In short, most people see the UK’s left wing as kind, caring, interested in changing things and a little bit anti-establishment, unlike the right wing who are seen as their polar opposite. The further left or right you are the more extreme these positions are supposed to become. The theory is that this line, from left to right, is supposed to encapsulate all the different points of view which can be held by subjects of Her Majesty the Queen in the year 2013AD, hence the term “political spectrum”. To think people in years to come won’t find this a little absurd is, to me, incredible.

A paradigm is a way of thinking and, like fashions, they come and go. Recently I witnessed possibly one of the most interesting exchanges I’ve ever seen on the BBC’s Question Time programme. Big Issue founder John Bird had been advocating investment in Northern mining communities when he was questioned about his political leanings by a perplexed Johnathan Dimbleby. Bird’s answer was interrupted by the irrepressible responses it provoked and he stuttered a little under the pressure. Even so, he reminded me of a woman nervously going out on the town in a daring new dress provoking both laughter and wolf-whistles. I describe it as fully as possible here but it’s worth locating it on iPlayer and watching it in full if you can (10th Jan, 11 minutes in):
“I thought, I thought, you once said you were a Tory?” asks Dimbleby.

“I am, uh, this is so interesting, um, you get, you get, somebody quotes a little bit. I am a working class Marxist, uh, Tory with socialist,” here Bird was interrupted by titters from Dimbleby, “- uh, socialist, liberal leanings which means to say -” laughter rippled out from Dimbleby to the rest of the panel and parts of the audience but as reaction set in suddenly supportive whoops and cheers echoed back from the public audience, “I find it incredibly difficult to fit into left or right, because, like most people, they’re left on some things and right on others”.

There in its most favoured context, a broadcast studio, the left-right paradigm entered its death throes. I suspect it will continue to exist in a media context for some years hence but make no mistake few people in the real world believe it anymore. Part of me wonders if they ever did.
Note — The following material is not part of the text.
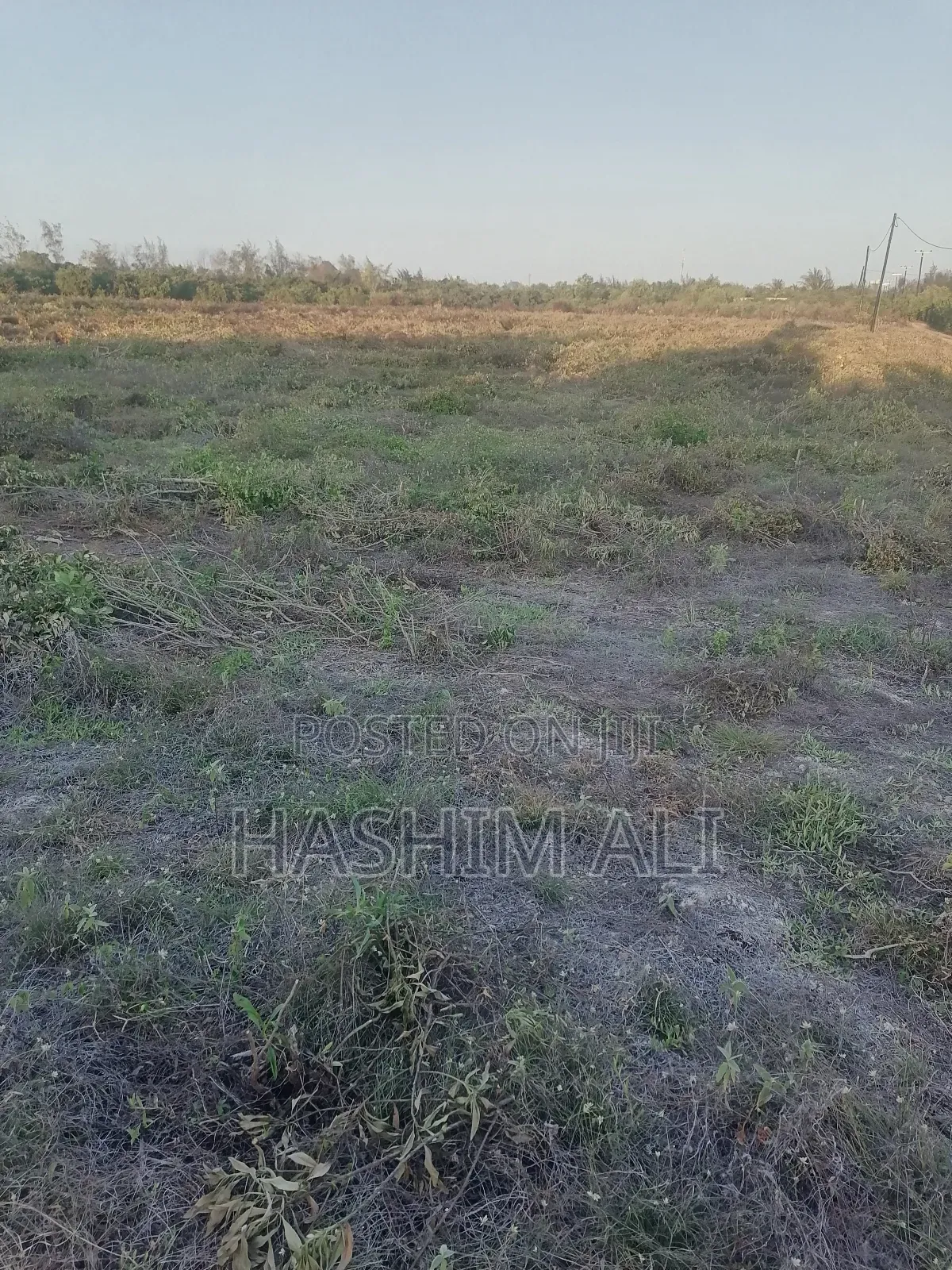 Land for Sale in Bwejuu Zanzibar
One way you can tell a paradigm is on its way out is when they can be apparently demolished in someone else’s mind with only a few words. Our society is evolving and this process has been dramatically speeded up by the multiple perspectives offered to people by the internet. I went online and began to tweet:




I don’t know the tweeter in question but his open mindedness is to be applauded. He now fits into the growing number of people who reject such labels, are prepared to think for themselves and will consider issues on their own merit. Furthermore, it’s not just obscure internet bloggers and tweeters who make up our number, the comedian Chris Rock puts it well:
“We all got a gang mentality. Republicans are f—ing idiots. Democrats are f—ing idiots. Conservatives are idiots and liberals are idiots. Anyone who makes up their mind before they hear the issue is a f—ing fool. Everybody, nah, nah, nah, everybody is so busy wanting to be down with a gang! I’m a conservative! I’m a liberal! I’m a conservative! It’s bull—t! Be a f—ing person. Listen. Let it swirl around your head. Then form your opinion. No normal decent person is one thing.”
– Chris Rock, 'Never Scared'
Twitter again:



That these labels have survived at all is a testament to how incredibly useful they are to people who want to herd the human cattle. Firstly, dogmatic left wing and right wing “leaders” use these terms to rally the troops without tackling the detail of an idea. As I mentioned before, those on the left identify as being more ‘caring’, this usually equates to them considering themselves to be more morally good than their enemies on the right. So, if you’re on the left, you can easily frame a debate in a moral context whereby it’s a straight fight between the goodies and baddies of your mythological childhood. In my experience the right wing are most usually pleased if you can frame the debate as being one of intelligence versus stupidity or ignorance [1]. Leaders also find the terms useful when accounting for failure, ‘the Government isn’t right wing (or left wing) enough’.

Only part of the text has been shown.